会場の仙台市西公園で、私は穴を掘るイベントをやりました。私は美術家ではない。技術もない。それで野外展に関わるとしたら何ができるだろうか。これはもう、二四時間穴を掘るしかあるまいと言って、見物人を集めて、ひたすら穴を掘ったわけです。
まさにこの時ですね、糸井貫二が私の前に姿を現わしたのは。
最初は気がつかなかった。私が穴を掘っていると、ギャラリーがざわめくので、何だと思って見ると、向こうの森の陰に外国の神父みたいな黒のいでたちの男が立っているんです。そのままヒュッと前転するとスッ裸になっていて、チラッとこうペニスとか陰毛が見える。で、スタスタスタとどこかへいなくなっちゃう。
その場に行ってみると、みすぼらしい森永ドライミルクのカンが置いてあった。缶を開けると、針金で上を向くようにペニスが安置されていました。あたりを見回すと、あちこちの立ち木に「殺すな」と書かれた紙が貼りつけてある。
糸井貫二の出現は私にとって衝撃でした。我々に接触してきてスッと立ち去る、立ち去り方というのが、えもいわれぬものがあったんです。
(中略)
彼のハプニングには一貫したものがありましてね。いつも同じところをグルグルまわっていました。「発展」とかそうしたものはなかったですね。ふと考えてふとやる。ふとした行為、それ以上でも以下でもない。陰毛やペニスを出すことを安易だと言われれば、ああそうですかとニコニコしている。そこには「美術家の意志」ではないものがあるんですよ。
老若男女目をそむけるようなことは、これくらい単純にできなきゃウソだということ。それをやり続けるというのはやはり大変な「眼力」があるんですよ。極めてラジカルに極めて幼稚であるということです。だから芸術的な意志からは、煙たい存在。
しかしダダカンにも、やはりある種の意志があるわけです。それがもう、実に恐るべきものだったわけです。彼の中にある強い、超意志というかね、そういったものに彼が至りついたと。世間では認められないような、しかし彼の中では強固としてある信仰のようなもの。それはまったく強固なものだと思いますね。[談]
(中略)
●そこにダダカンが…
仙台市の外れ、近くに川の流れる静かな地域に、ダダカン師の自宅はあった。
古いが、しっかりとした作りの平屋である。事前の調査から、これが師の持ち家であることはわかっていた。ここいら一帯は、もともと師の父親が所有していた土地だという。糸井家は、それなりの資産家だったのだ。

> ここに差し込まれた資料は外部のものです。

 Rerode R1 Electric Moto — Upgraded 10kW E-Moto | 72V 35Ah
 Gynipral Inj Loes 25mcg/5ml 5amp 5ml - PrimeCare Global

資産家の次男坊が「芸術」に傾倒して生活を投げ打ち世捨て人になっていく……これは歴史の中で幾度も繰り返されてきた光景かもしれない。おれはふと、鴨長明の『方丈記』の世界を思い浮べた。
ノックしようとして、躊躇した。これまでずいぶんいろんな人にインタビューしているが、この時ほど緊張したことはない。川内康範も緊張したけど、今回はまた別種の緊張だった。まさかとは思うが、裸で出てこられたらどうしよう(真冬にそれはないだろうが)。
ノックの後、間髪をいれずに「ハーイ」という返事。意外に若々しい、甲高い声である。ドアを開けたら、白髪まじりの長髪にバンダナを巻いた老人が立っていた。